287390 Electrodeposition As a Route Toward Fabrication of Three-Dimensional Electrochemical Energy Storage Devices
Electrodeposition as a Route Toward Fabrication of Three-Dimensional Electrochemical Energy Storage Devices
Derek C. Johnson, Matthew T. Rawls, and Amy L. Prieto
Chemistry Department, Colorado State University
Prieto Battery, Inc., Fort Collins, CO
Lithium-ion batteries have become the primary energy choice for low power applications, and are now being sought after for high power applications in hybrid electric vehicles (HEV), plug-in hybrid electric vehicles (PHEV), and electric vehicles (EV). To meet the performance requirements for high power density applications, the short comings that have confined the use of conventional lithium-ion batteries to low-power applications needs to be addressed. To address these problems, we utilize electrodeposition as the main synthetic tool for the fabrication of a three-dimensional (3D) solid-state lithium-ion battery.
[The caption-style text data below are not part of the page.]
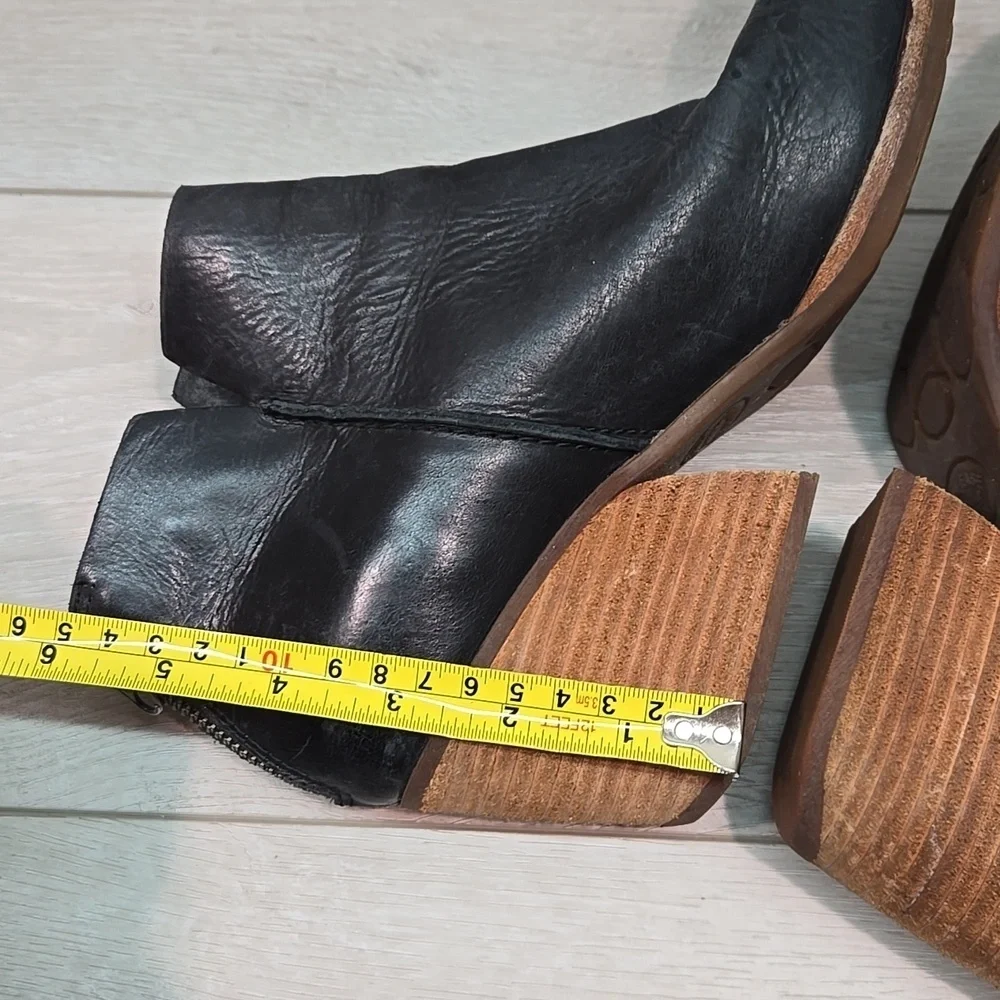 Kork Ease Women Black Distressed  Leather Ankle Boots Moto Shoes Sz 8.5M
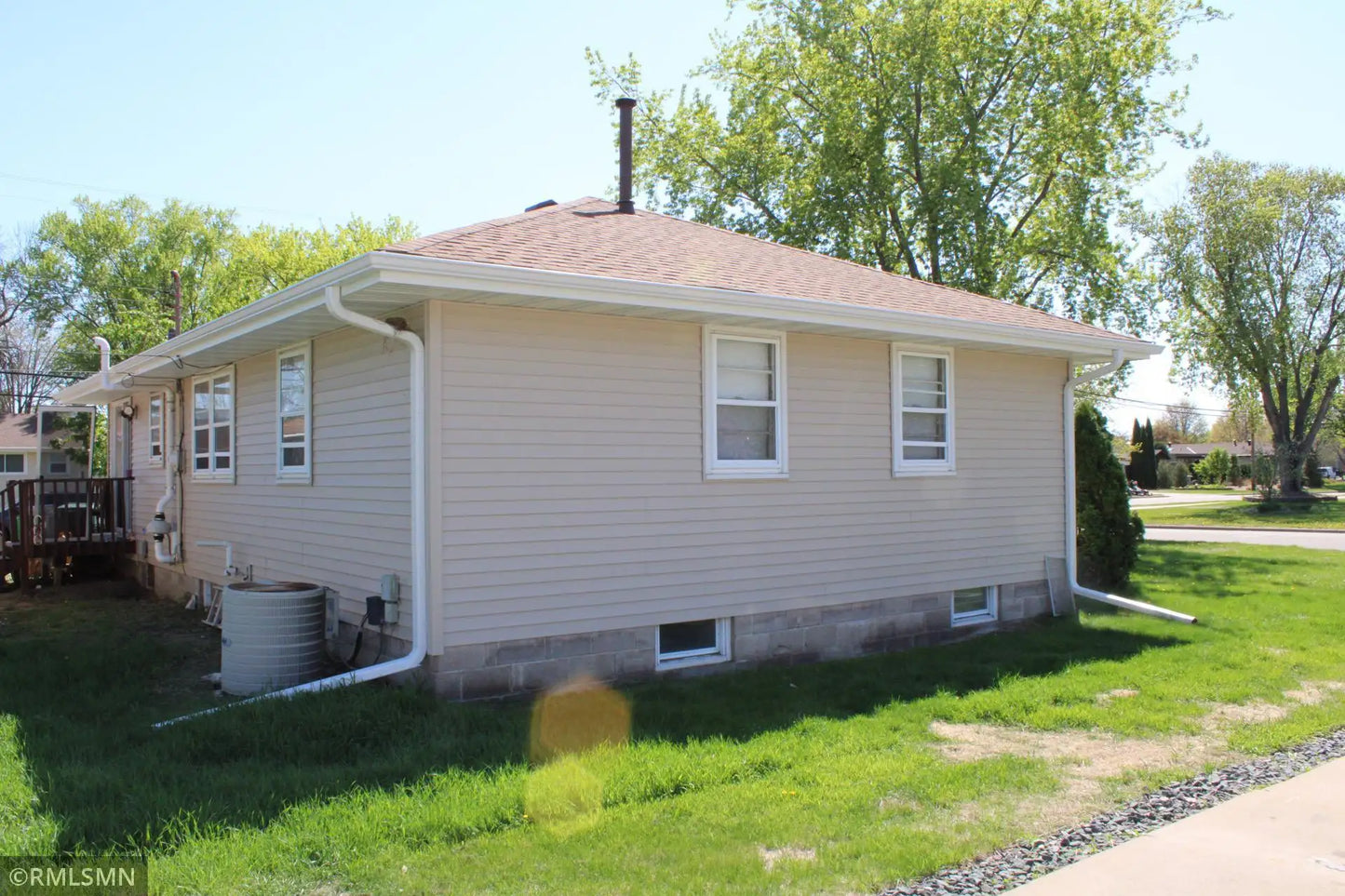 7100 Grimes Avenue, Brooklyn Center, MN 55429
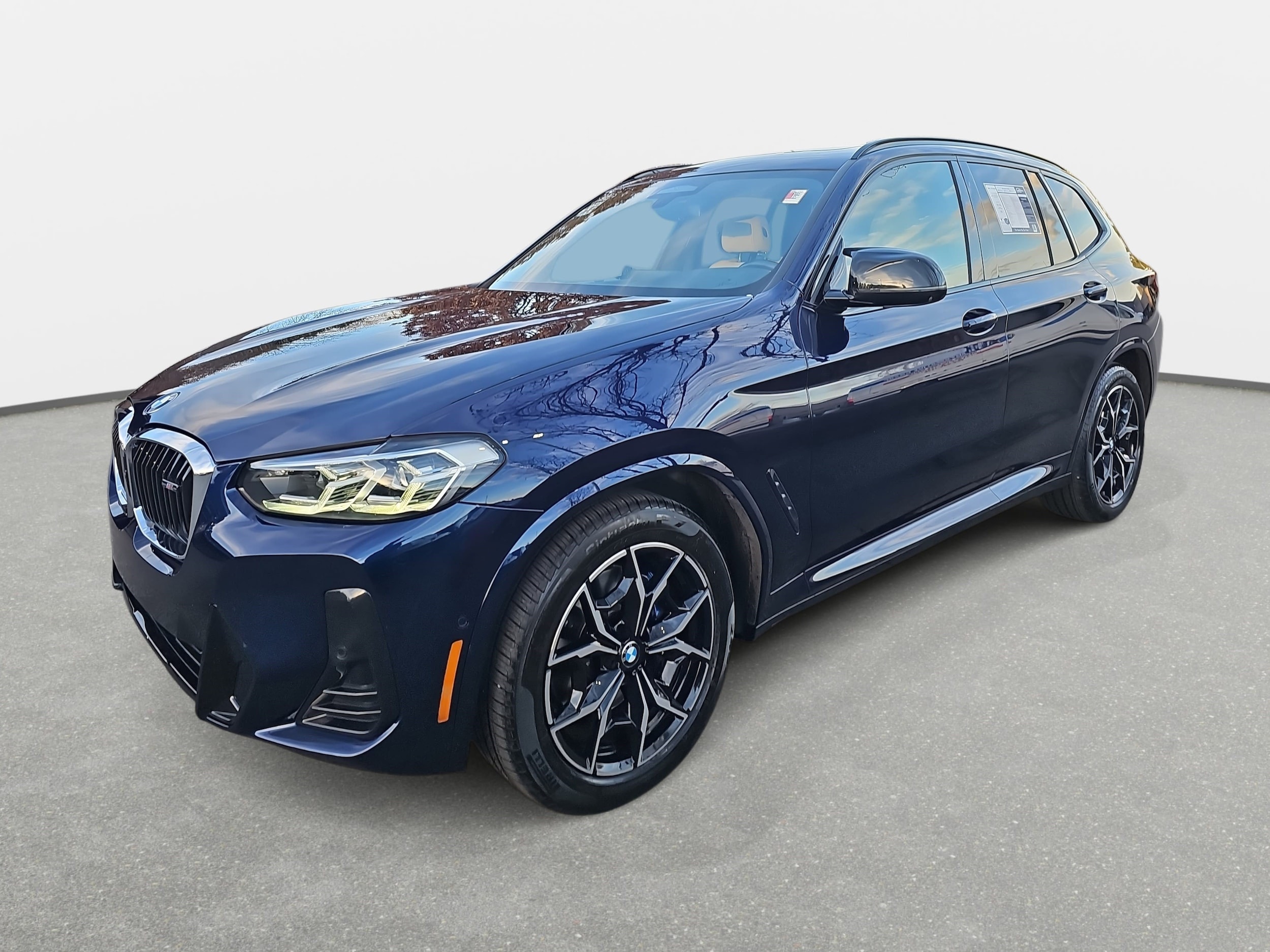 2022 BMW X3 40i's photo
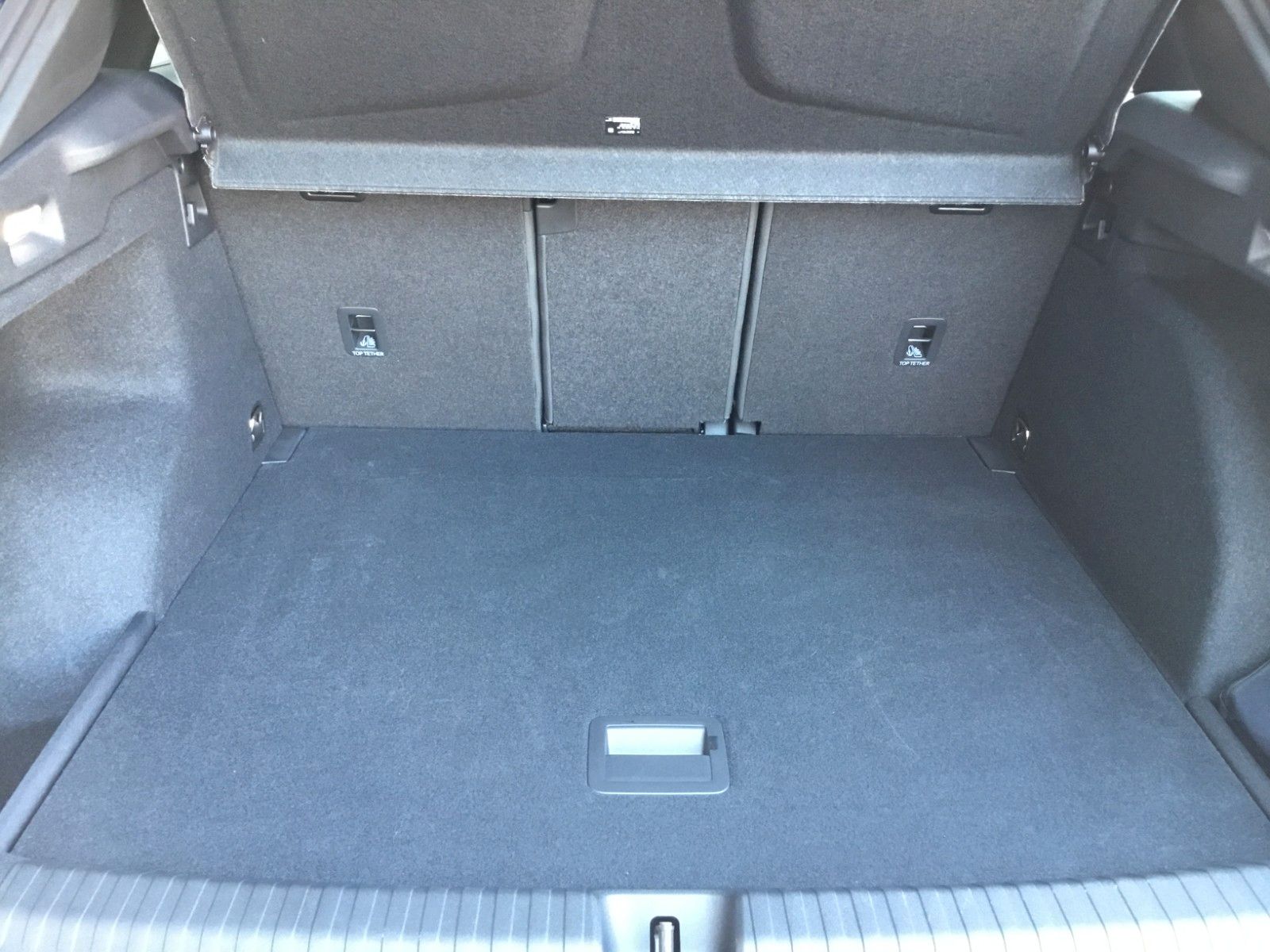 Fahrzeugabbildung CUPRA Terramar 1.5 eTSI DSG+AHK+360°+Headup+ACC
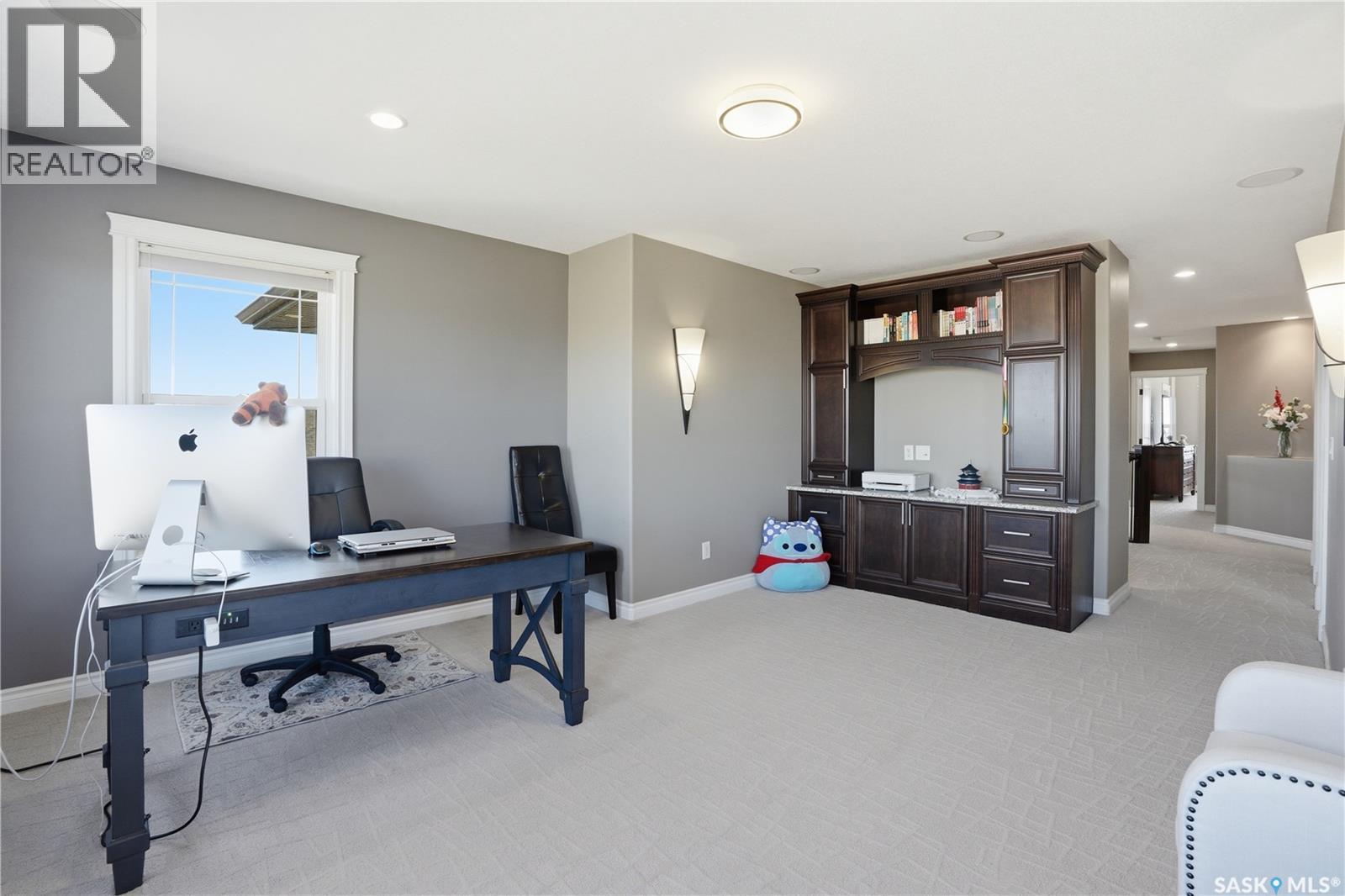 102 Thode AVENUE - 42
The ultimate goal is to use this synthetic technique to fabricate a solid-state battery with a significantly higher power density and longer cycle life when compared to traditional lithium-ion batteries containing a liquid electrolyte or a polymer gel electrolyte. Electrodeposition is used to synthesize high surface area anodes that do not require additional conducting materials such as graphite or polymer binders to retain structural integrity. Since the anode is highly conducting, it is subsequently used as the substrate to which a solid-state electrolyte is directly electrochemically deposited. An aqueous based cathode slurry is then applied to the solid-state electrolyte to complete the cell. Battery performance of these composite structures will be presented.